Activity | Your answer must be an exact transcription of every record below, with the pictures omitted.

Stored data entries:
------------

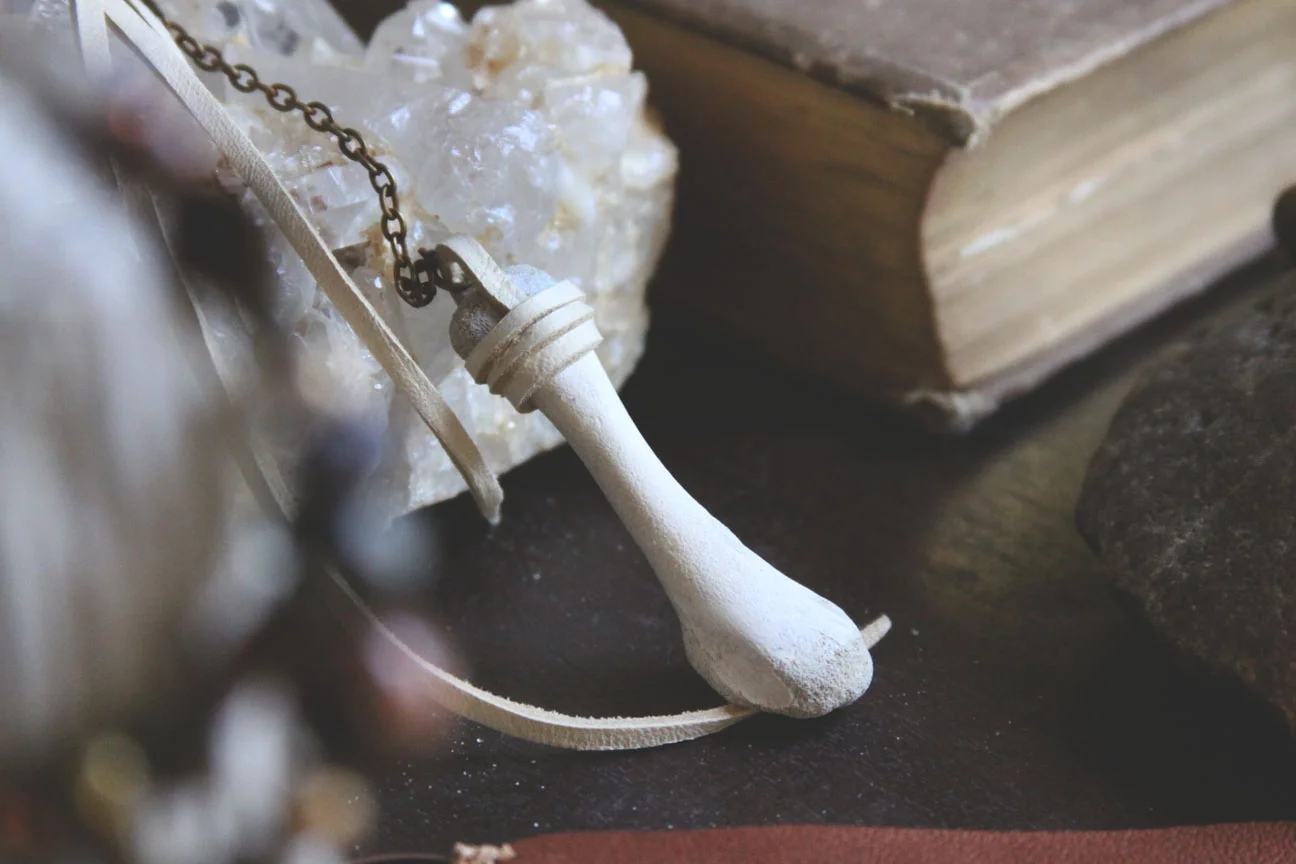 roots and feathers bohemian home decor and jewelry.jpg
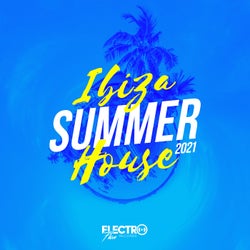 Ibiza Summer House 2021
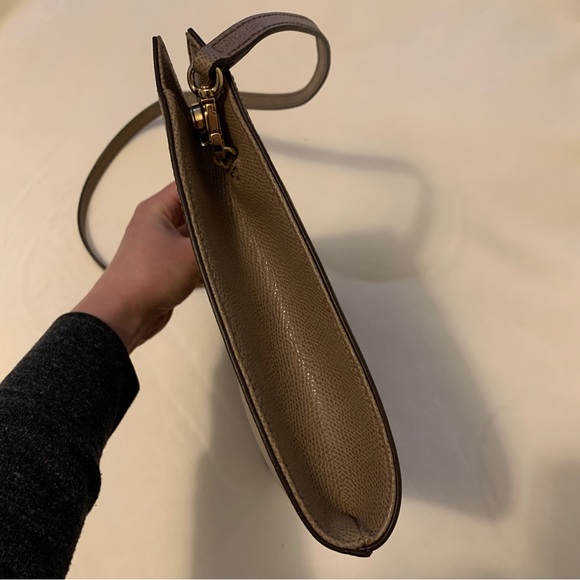 Michael Kors clutch - Picture 7 of 7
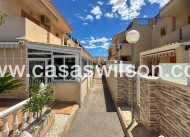 Sale - Apartment - Orihuela Costa - Costa Blanca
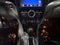 2016 Acura ILX Premium Package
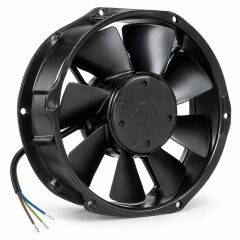 RUBSAMEN & HERR EBMPAPST W2S130-AA03-64 FAN | 230V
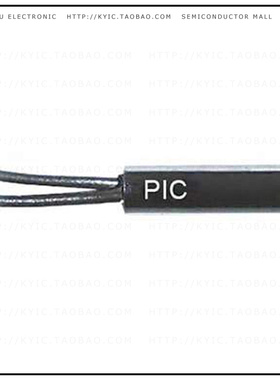 MS-208-3-1-0300【ULTRAMINIATURE REED SENSOR】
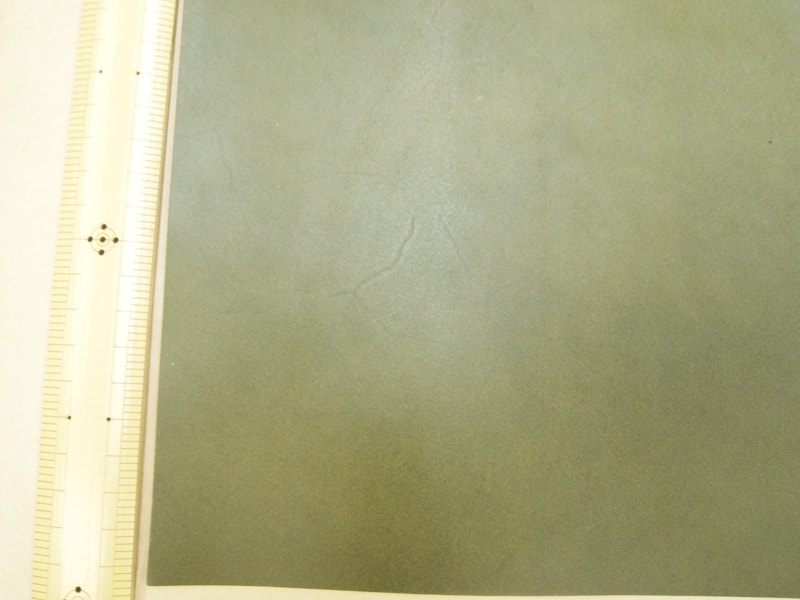 Mjpa111368
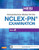 HESI Comprehensive Review for the NCLEX-PN  Examination, 4e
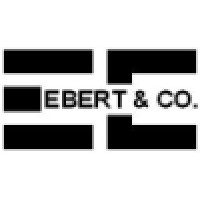 Ebert & Co. Construction and Renovation Ltd.
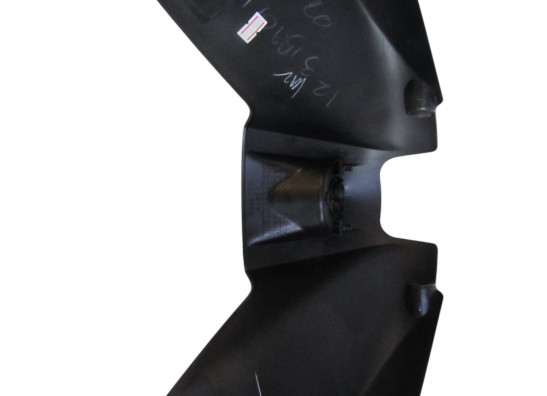 Tankcover Kawasaki ER 6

------------

Answer section |
 roots and feathers bohemian home decor and jewelry.jpg
 Ibiza Summer House 2021
 Michael Kors clutch - Picture 7 of 7
 Sale - Apartment - Orihuela Costa - Costa Blanca
 2016 Acura ILX Premium Package
 RUBSAMEN & HERR EBMPAPST W2S130-AA03-64 FAN | 230V
 MS-208-3-1-0300【ULTRAMINIATURE REED SENSOR】
 Mjpa111368
 HESI Comprehensive Review for the NCLEX-PN  Examination, 4e
 Ebert & Co. Construction and Renovation Ltd.
 Tankcover Kawasaki ER 6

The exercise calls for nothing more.